Japanese Immigrants in the Laundry and Restaurant Businesses

Tsui Asakawa

The second picture bride in focus was named Tsui Asakawa. She was born in about 1900 in Japan and came to the United States on the Siberia Maru in 1918 (“California, San Francisco Passenger…”). She married a man named Hatsutaro Asakawa, who was eleven years her senior. He was employed as a cook in a restaurant and they lived with their newborn daughter Hatsuye and four other roommates. Their names were Ezo Nakagawa, Yutaka Harry Tsuji, Shigeru Matsunaga, and Goichi Yamane. Unlike the Yoneguras and their roommates, no one in this group of seven worked in the same industry. Tsui was a housewife, as was expected of her, since her husband did not run the restaurant that he was a chef at. Ezo, a lodger in the house, was employed as an artist. Yutaka worked as a photographer and was an official roommate of the Asakawas. Shigeru worked in the dry goods industry, and Goichi was a journalist.
           
I was surprised to see Asian immigrants holding humanities jobs at this particular point in time. I feel as though it has always been stressed to me how immigrants tried to fill the most vital, unwanted jobs that they could because they needed to make money in anyway. But the Asakawas lived with an artist, a photographer, and a journalist. That’s very unique and got me a bit off track in my original focus of laundry and cooking as popular jobs for Asian immigrants. But, thinking more about it, that makes perfect sense. Japanese food was becoming fashionable and trendy, and so was Japanese culture, at least before the Asian Exclusion Act of 1924. That’s why Japanese food was so desired; it seemed foreign, but not so foreign that the general American populous couldn’t relate to it. It seems that the logical next step for a fascination with their food would be a fascination with their culture. Japanese art was very much in style, so having a successful Japanese visual artist makes sense. It doesn’t specify what medium the artist used most. It also doesn’t specify what type of photography is done by the photographer, so I don’t know if it’s commercial or for artistic purposes as well. The most surprising to me, though, is that a Japanese man was a journalist for a newspaper in 1920. Goichi Yamane was 52 at the time of the census, and I’m just very surprised that people accepted the idea of a Japanese reporter. Perhaps it wasn’t well-known that this was his profession, or maybe he never had to sign his name.

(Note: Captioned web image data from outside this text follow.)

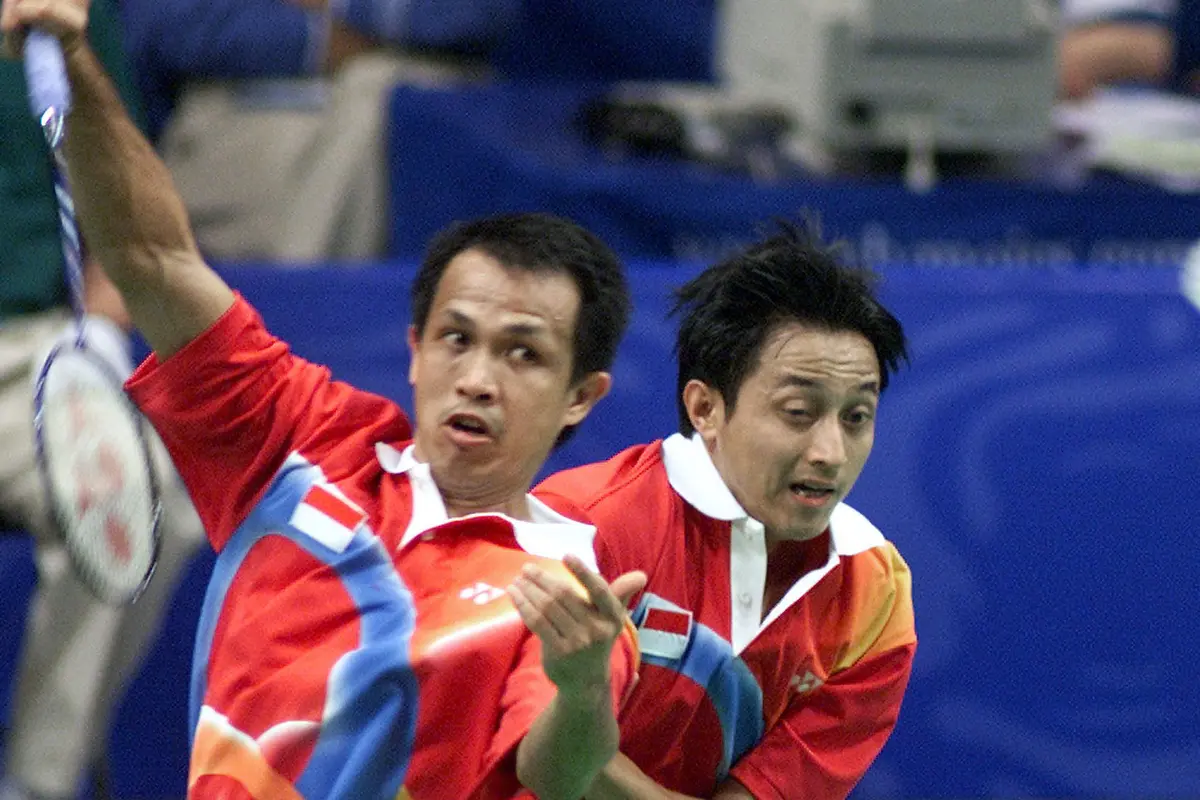 Foto: 7 Medali Emas Bulutangkis Indonesia di Ajang Olimpiade, Berharap Tambah di Olimpiade Tokyo 2021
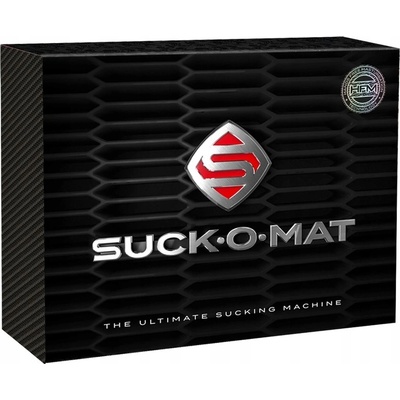 Suck-O-Mat - SACÍ NÁVLEK NA MASTURBACI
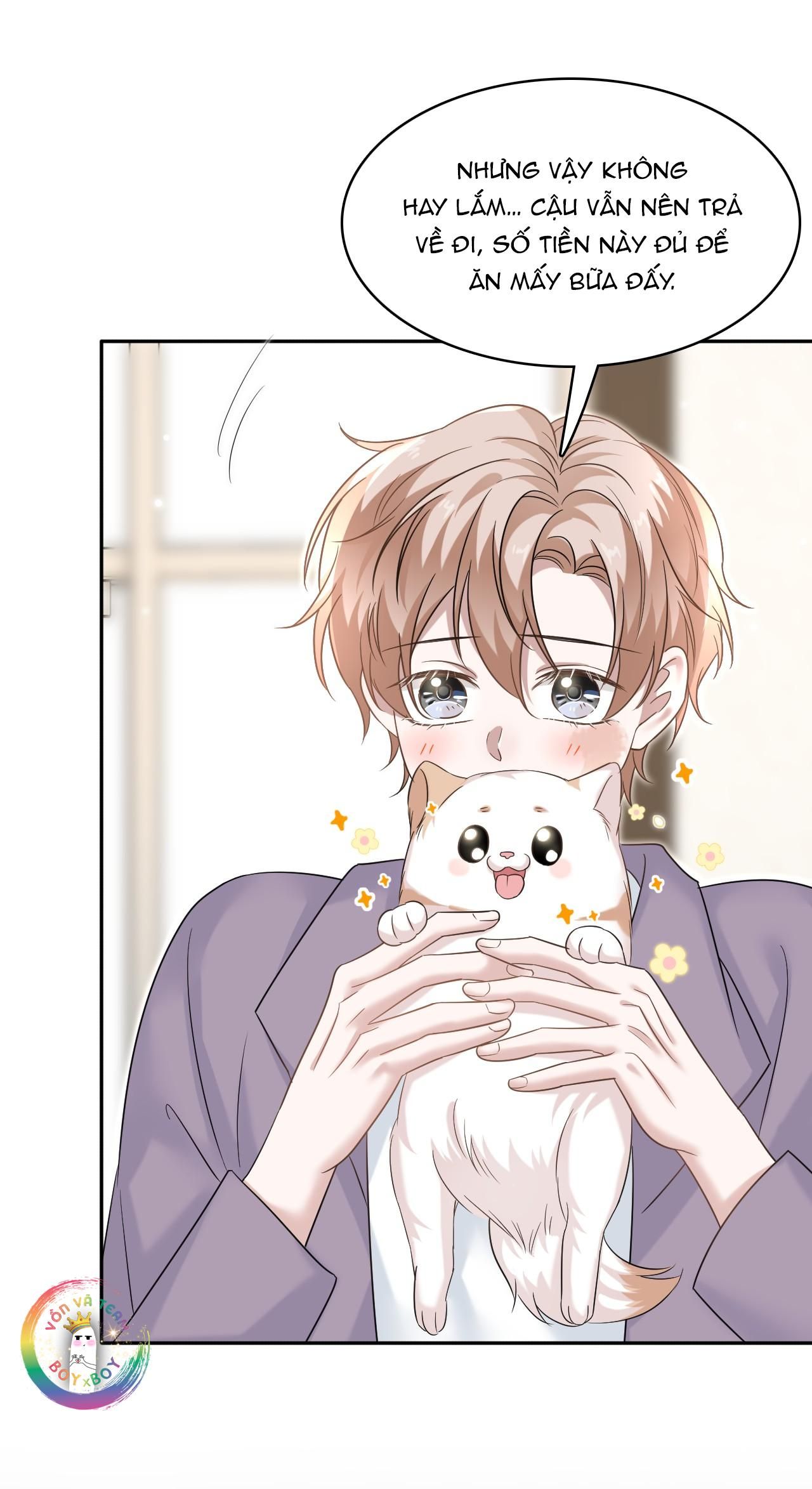 Vân Trung Ca Chapter 31 - 41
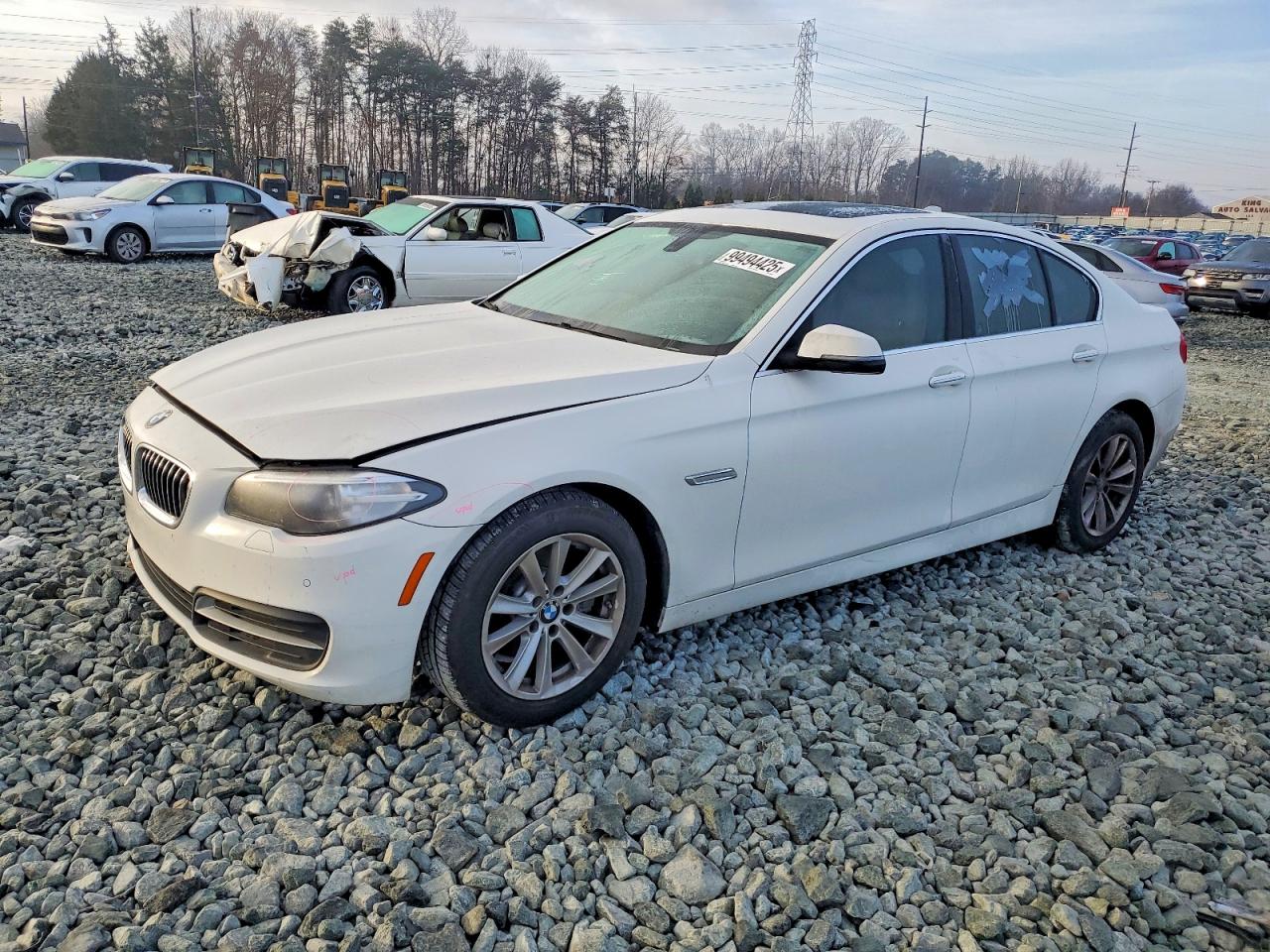 2014 BMW 528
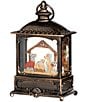 Roman Confetti Lites Pup Pageant Lighted Swirl Lantern - Image 3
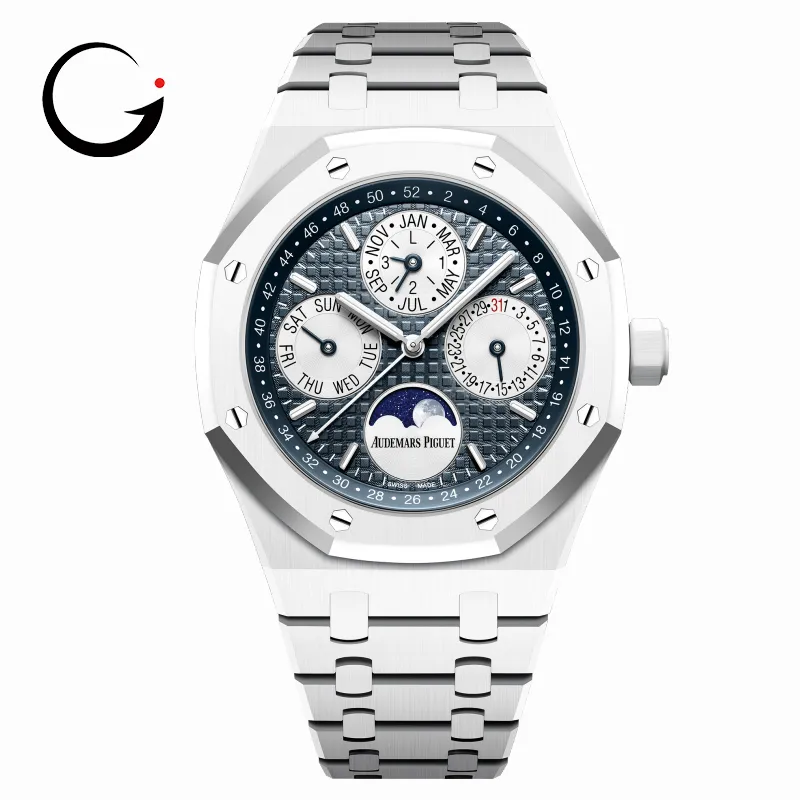 AP006 ROYAL OAK PERPETUAL CALENDAR Ref. 26579CB.OO.1225CB.01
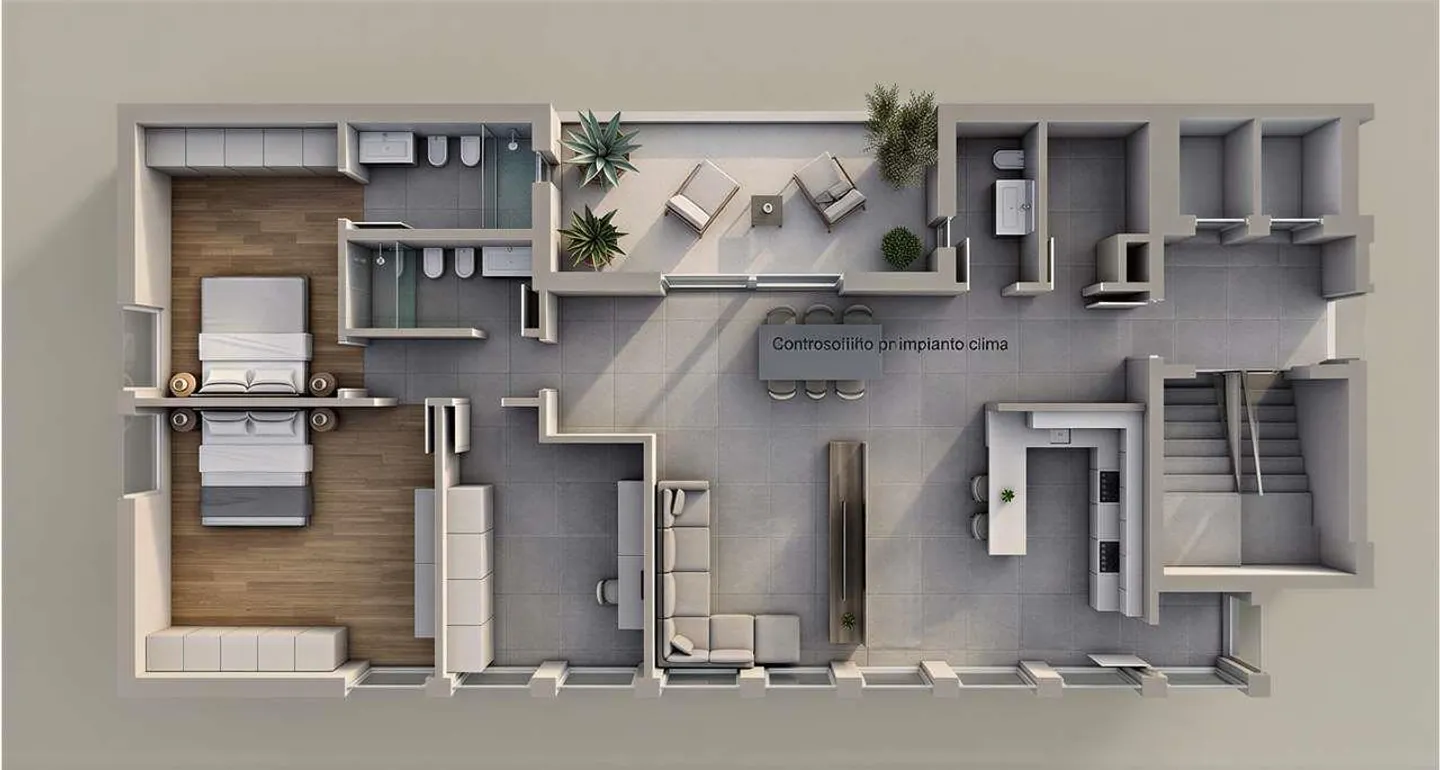 Exclusive 5.5 Rooms for Sale - Photo 9 of 9
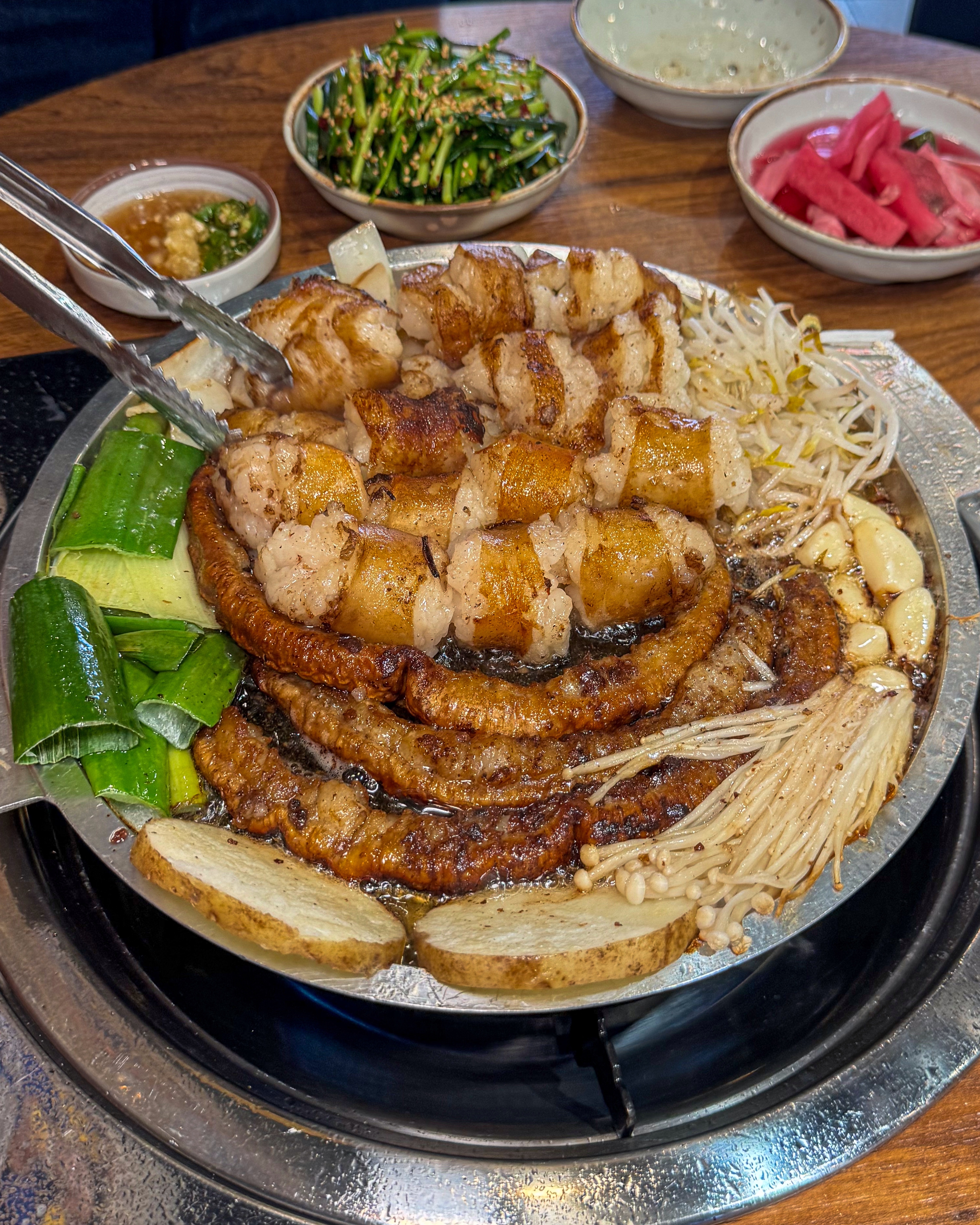 본동 한우곱창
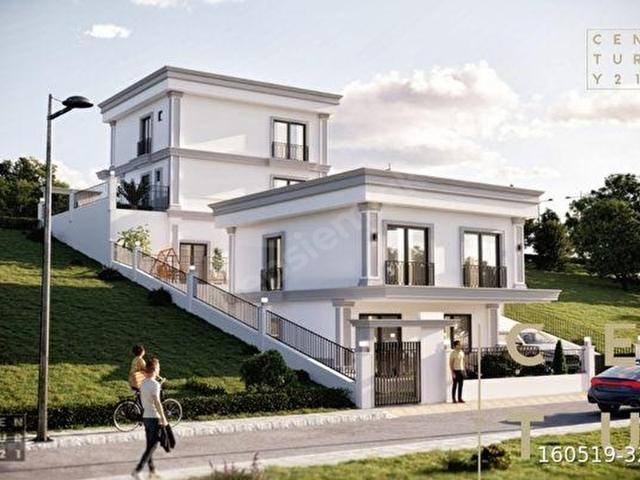 CENTURY 21'DEN ÇERLİ MAH. MÜSTAKİL VİLLA !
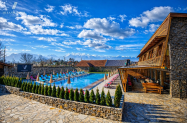 Вила Виктория Термал SPA Баня, Разлог - джакузи, топило + басейн, за делници
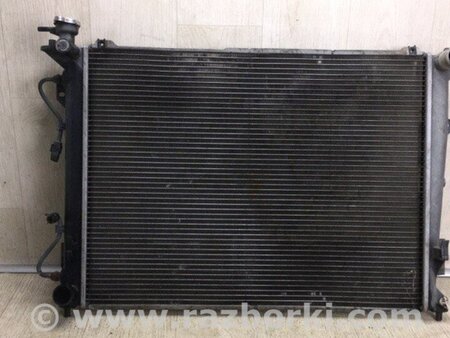 ФОТО Радіатор основний для Hyundai Sonata V NF (04-10) Київ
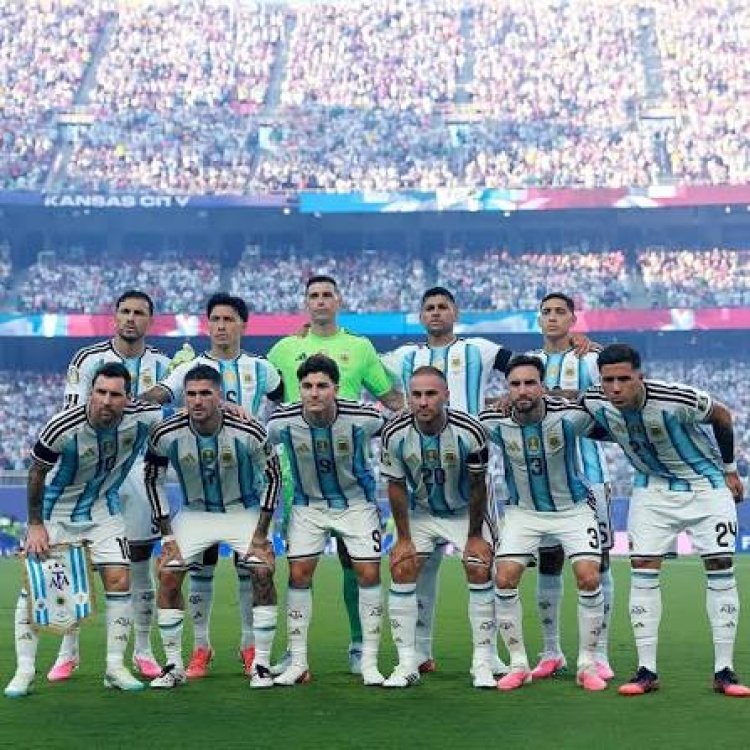 Alfombra roja y guardia de Granaderos: así será el recibimiento en Ezeiza para la Selección argentina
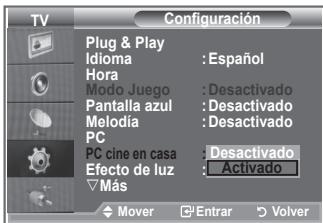 SAMSUNG LE32R86BD - Configuración del PC para el cine en casa - 2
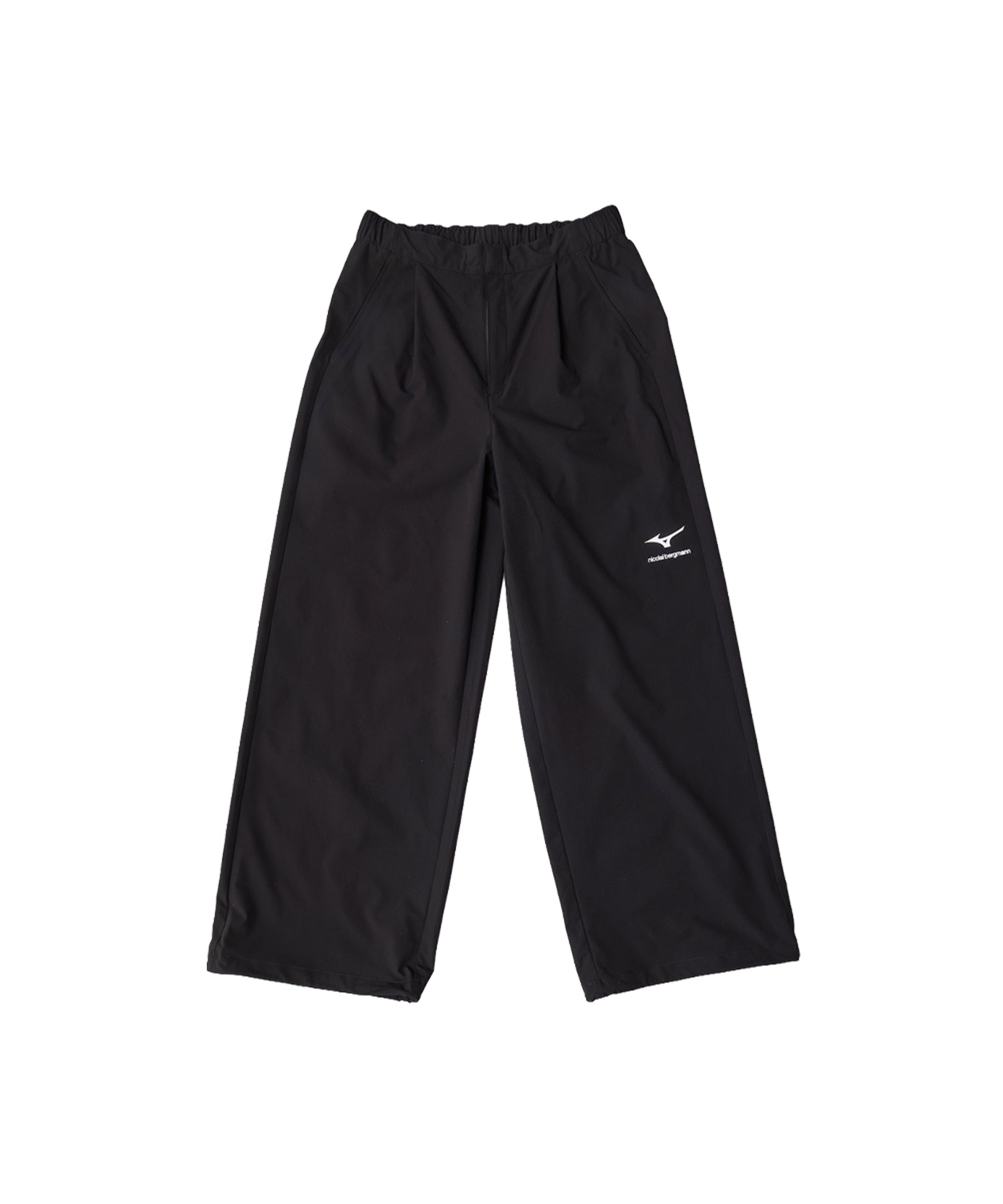 WIDE PANTS BLACK （ワイドパンツ ブラック）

Either way, it seems odd that this man could have been reporting on the very news that was preventing the rest of his country from entering the United States (Year: 1920).


            
That is really all of the information I could find about Tsui. The documents were few and far between, which leads me to believe that she may not have lived long. I also couldn’t find anything further about her daughter or husband, or the people that she lived with. In terms of telling her story, I didn’t get a lot of information, but I learned a lot about the restaurant industry and how Japanese and Chinese food became so popular in the United States.